Rather than advocating for a specific charter company, the focus of our recommendation was on outcomes, suggesting that only operators with proven results be eligible to apply when turning around failing schools.
Mr. Bustamante also demonstrated a lack of knowledge of Florida’s grading system. In 2009, the state expanded the high school grading formula by including metrics such as graduation rates and college readiness. We participated in discussions to determine what percent of the grade should be based on FCAT results – 50 percent or less than 60 percent. The school grading formula has absolutely nothing to do with standardized test grading companies, and the same number of assessments would be given regardless of what formula was used. Our only concern is that Florida’s students and teachers receive the maximum benefit from these assessments.
It is no secret that we’re committed to expanding student learning and work tirelessly with leaders to equip all students with a quality education.
Patricia Levesque, Foundation for Excellence in Education, Tallahassee
Earlier last week In the Public Interest, a D.C.-based organization that provides information on privatization and responsible contracting, published emails showing that the Foundation for Excellence in Education (FEE) played a pivotal role in the writing of legislation associated with the Florida Comprehensive Achievement Test (FCAT) and with charter schools regulations. FEE, a 501(c)(3) nonprofit organization founded and currently chaired by former Florida Gov. Jeb Bush, is yet another example of a corporate lobbying group under the guise of a nonprofit bypassing Florida voters in order to achieve favorable legislation.
Emails exchanged between FEE executive director Patricia Levesque and Florida Commissioner Gerard Robinson, in 2011 and 2012, show that Levesque negotiated changes to FCAT legislation with state legislators — including State Sen. Don Gaetz — in order to “allow the FCAT to be ‘at least’ 50 percent of a high school’s grade.” These changes make student FCAT scores the main measure of school and teacher performance and overemphasize high-stakes testing. This directly benefits Pearson, the company that currently holds the $250 million FCAT contract in Florida and one of FEE’s largest donor sponsors.
Emails also show that Levesque sought to amend draft legislation to give Robinson the power to set a state-approved list of charter operators or private providers. Such an amendment would limit competition for charter school contracts and allow Robinson to give preferred treatment to specific charter school corporations.

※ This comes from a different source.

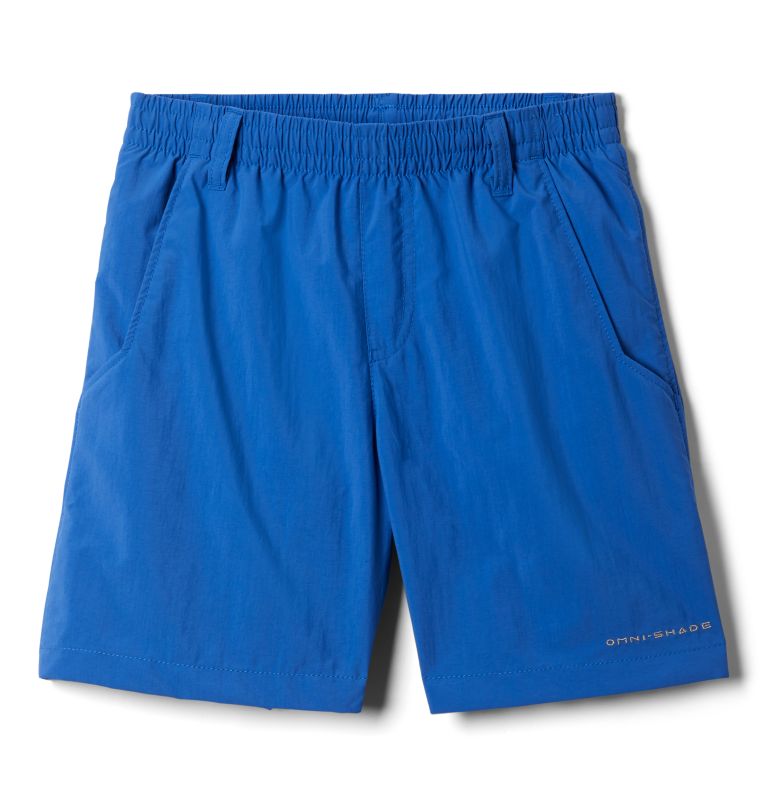 Columbia, Shorts, Columbia Pfg Fishing Shorts Mens Omnishade Mesh Lined  Drawstring Blue 6 Inch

The truth is that much controversy surrounds the issues of standardized testing, like the FCAT, and charter schools that require an honest and open discussion. However, it is equally true that lobby groups like FEE have too much access and influence with state legislators that allow them to pursue their financial interests, like ensuring that the FCAT and charter schools continue to be at the center of Florida’s education system.
It’s time that state legislators have more transparent debates over these issues that affect the state’s more than 2 million public school students instead of bypassing public discussions in order to implement the wills of wealthy lobbyists.

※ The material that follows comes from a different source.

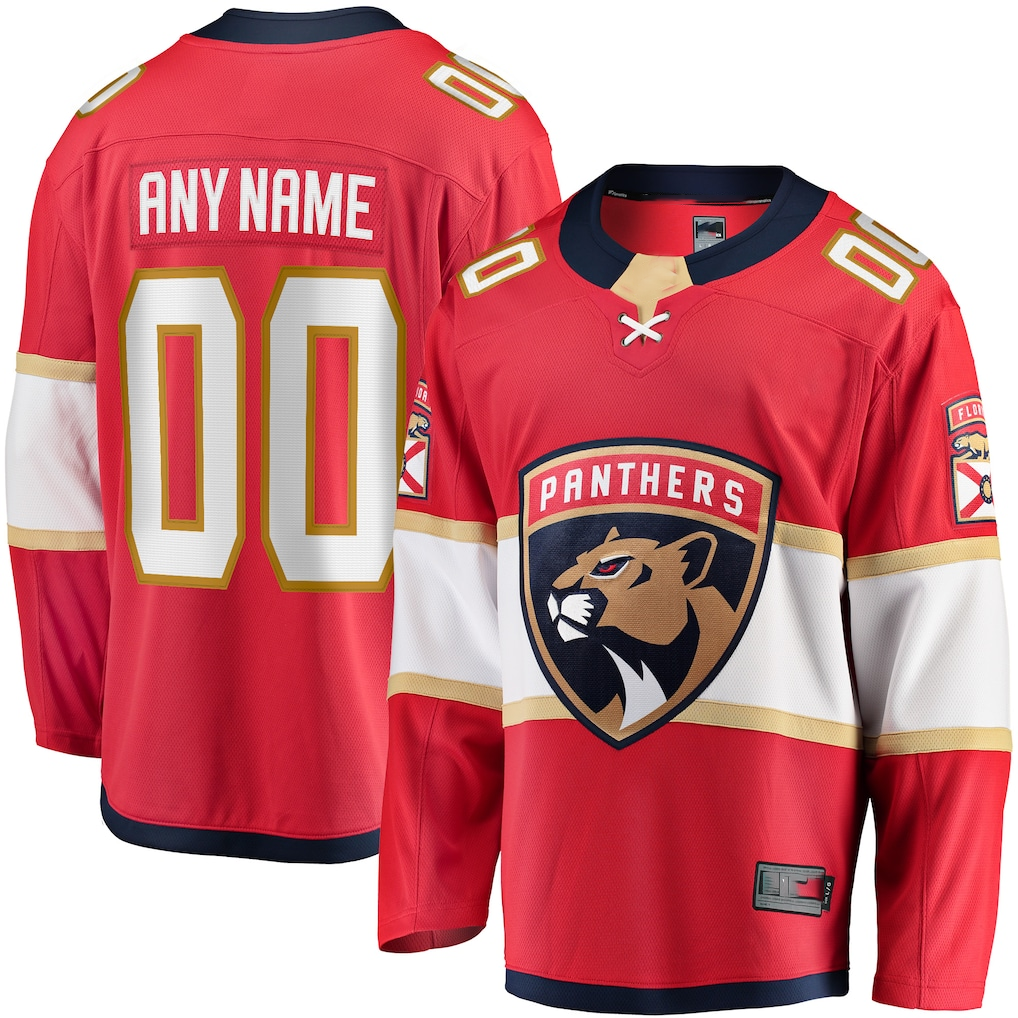CAdoa Custom F.Panthers Red Home Breakaway Jerseys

Alí R. Bustamante is a visiting instructor and research associate, Florida International University, Center for Labor Research and Studies & Research Institute on Social and Economic Policy, Miami.
Levesque’s didn’t say which parts of Bustamante’s letter were “false information” or “leaps of logic and falsehoods.” Such a clever omission really isn’t so clever. As someone who has read the same emails both Levesque and Bustamonte reference, I find the former’s assertions about the latter to be unsupportable.

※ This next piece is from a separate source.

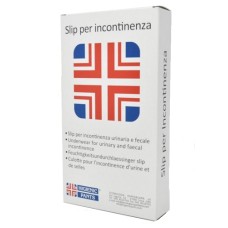 MUTANDINA PER INCONTINENZA CON BOTTONI STANDARD  COLORE BIANCO  MISURA 3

Levesque’s claim that the Foundation’s focus is on “student achievement” is laughable when one considers the amount of energy she has put into writing legislation and personally advocating for the for-profit education industry. Her decision to testify Thursday on behalf of Parent Trigger legislation which benefits the for-profit charter school industry is example enough to dismiss Levesque’s protestations.
Once again, Levesque doth protests too much methinks.